I didn’t realize how much our work/career identifies us to everyone else until I lost my job a few years ago. It’s natural that when you meet someone for the first time one of the first things you are asked is “What do you do?” It’s a way to potentially find common ground or to open up a whole new discussion. I was really torn the first time someone asked me after I was laid off. At first, I joked around…said I was part of the wave of people laid off due to the recession and yes, I voted for Obama. This was my way of letting people know I was okay and that I fully expected to be gainfully employed again soon.
Fast forward two years. Unemployment insurance has run out and now it’s not so funny.
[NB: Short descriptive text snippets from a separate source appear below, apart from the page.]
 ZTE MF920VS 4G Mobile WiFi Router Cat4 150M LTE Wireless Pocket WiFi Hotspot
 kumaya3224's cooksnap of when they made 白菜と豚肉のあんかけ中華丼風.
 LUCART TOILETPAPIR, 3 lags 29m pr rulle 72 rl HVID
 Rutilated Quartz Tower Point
Joined the “405 club” online – a site dedicated to out-of-work New Yorkers…the “405” reflecting the amount of our unemployment check. Good morale booster but nothing concrete comes out of that.
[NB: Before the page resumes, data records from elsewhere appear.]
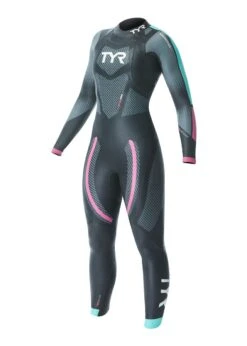TYR Women's Category 5 Wetsuit - Black/Blue -Outlet Swimsuit Zone Store hcaff6 737
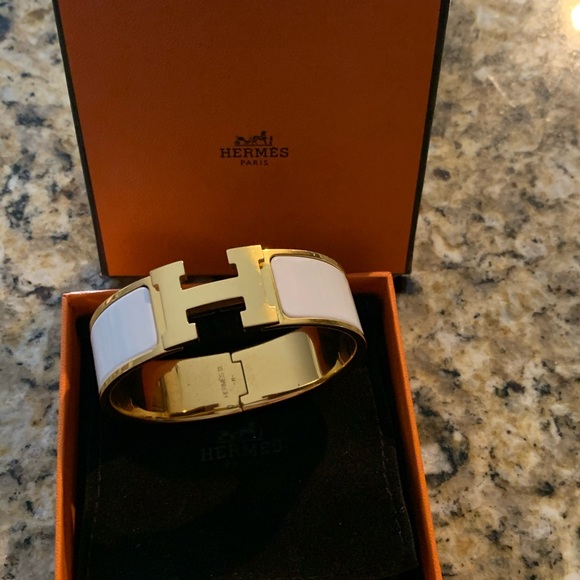🚫SOLD🚫100% AuthenticHermes wide clic clac bangle - Picture 2 of 5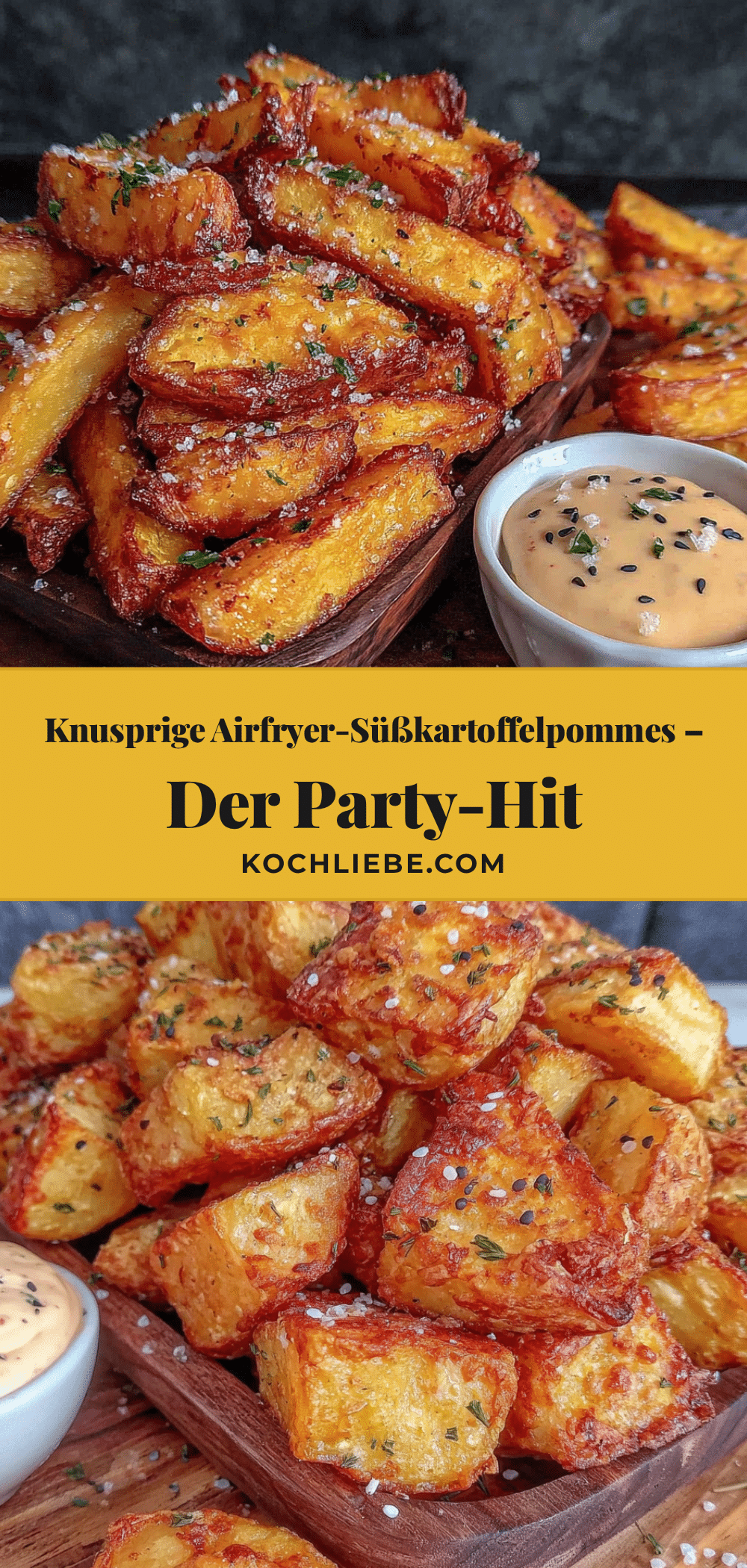 Airfryer-Süßkartoffelpommes recipe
Four years. Yikes. Yes, voted for Obama again. Essentially have given up having a career again and now it’s me, my morning walks to keep me relatively sane and filling my days with friends, reading, and yes…being a homemaker. There it is…a reviled word that as a woman of a “certain age” never thought they would call themselves. We were going to have it all…as the 1970’s commercial jingle said “She can bring home the bacon and fry it up in a pan”.
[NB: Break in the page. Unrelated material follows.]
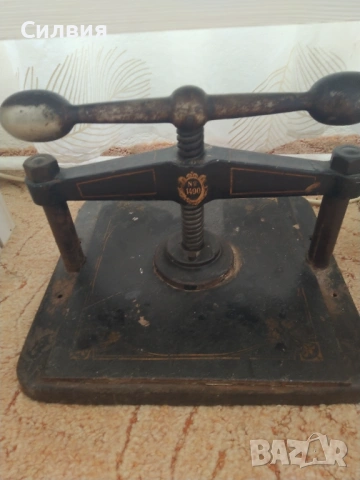  ретро печатарска преса, снимка 4 - Антикварни и старинни предмети - 53074070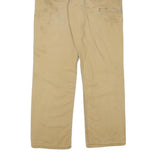 CARHARTT Mens Cotton Blend Beige Relaxed Straight Trousers W30 L30 Workwear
Have the pan but not the bacon. And each day it becomes easier to come to terms with it. As I have said in previous blogs, I don’t miss the stress of working; I miss the identity it gave me. When I see my friends advancing in their careers, while very happy for them, I get that certain tug of “what if I hadn’t lost my job? Where would I be now?”
Little Voice. Having a career legitimizes your value to society and without one, a feeling of disenfranchisement can overpower you. I fight that feeling by keeping current with news, politics and popular culture so I can join in on the conversation.
Not having a career does not have to identify you. Really.
Hi Marion, i recently retired from a 28 year career as a teacher and am experiencing some of the same things you mention. I agree that keeping current helps, however, at this point I’m not sure if that will be enough. (Btw, do you remember me from Lehman?)
Lehman seems so long ago….what class did we have together?